I have grub v1.98 and after disassembling the MBR, I found the following code fragment that I do not understand:
xor ax,ax mov [si+0x4],ax inc ax mov [si-0x1],al mov [si+0x2],ax mov word [si],0x10 mov ebx,[0x7c5c] mov [si+0x8],ebx mov ebx,[0x7c60] mov [si+0xc],ebx mov word [si+0x6],0x7000 mov ah,0x42 int 0x13
It seems that this piece of code is trying to set up the disk address of the code in step 1.5, and then load and run it. However, how can I find out which physical block he is trying to read? What else, what is the purpose of the code for step 1.5? 0x7000 ?

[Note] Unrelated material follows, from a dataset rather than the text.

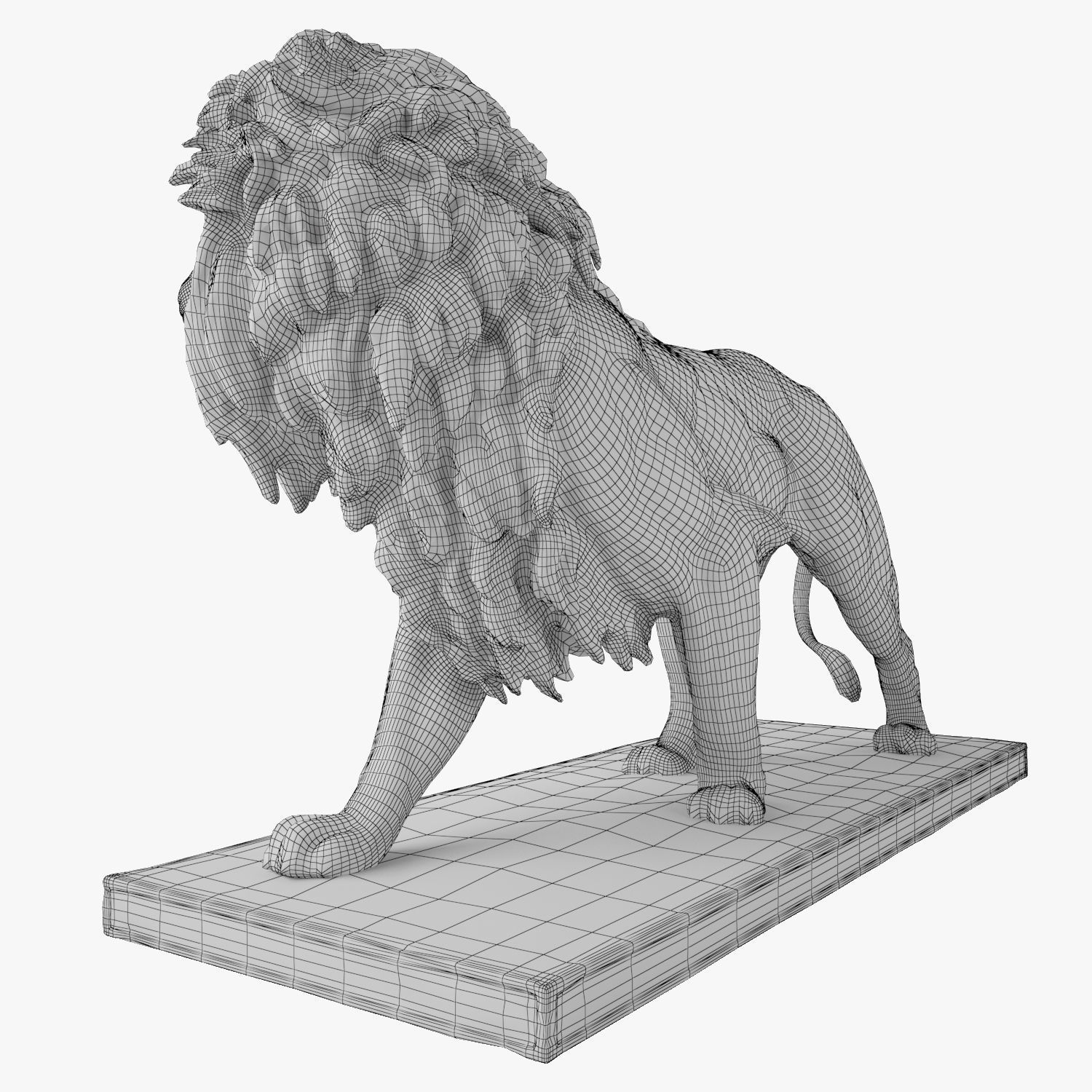 Stone Lion Statue 3D model_13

I mean the MBR for Windows 7, which loads the following 0x7c00 boot code. This MBR is first loaded at 0x7c00 , it contains a code fragment copying the MBR from 0x7c00 to 0x0600 , and then goes to 0x0600 if the source code is damaged. Will the download stage 1.5 code 0x7000 conflict with the source code to the address 0x7000 ? What more, I also find:
jmp short 0x65 nop sar byte [si+0x7c00],1 mov es,ax mov ds,ax mov si,0x7c00 mov di,0x600 mov cx,0x200 cld rep movsb push ax push word 0x61c retf
at the beginning of the MBR. It seems that the code is trying to do the same thing as in the Windows 7 MBR to copy the original MBR from 0x7c00 to 0x0600 , with the exception of the first jmp instruction. Will these codes actually be executed? If so, when will he manage the jumps here. (I think the answer is YES, but the lead jmp bothers me).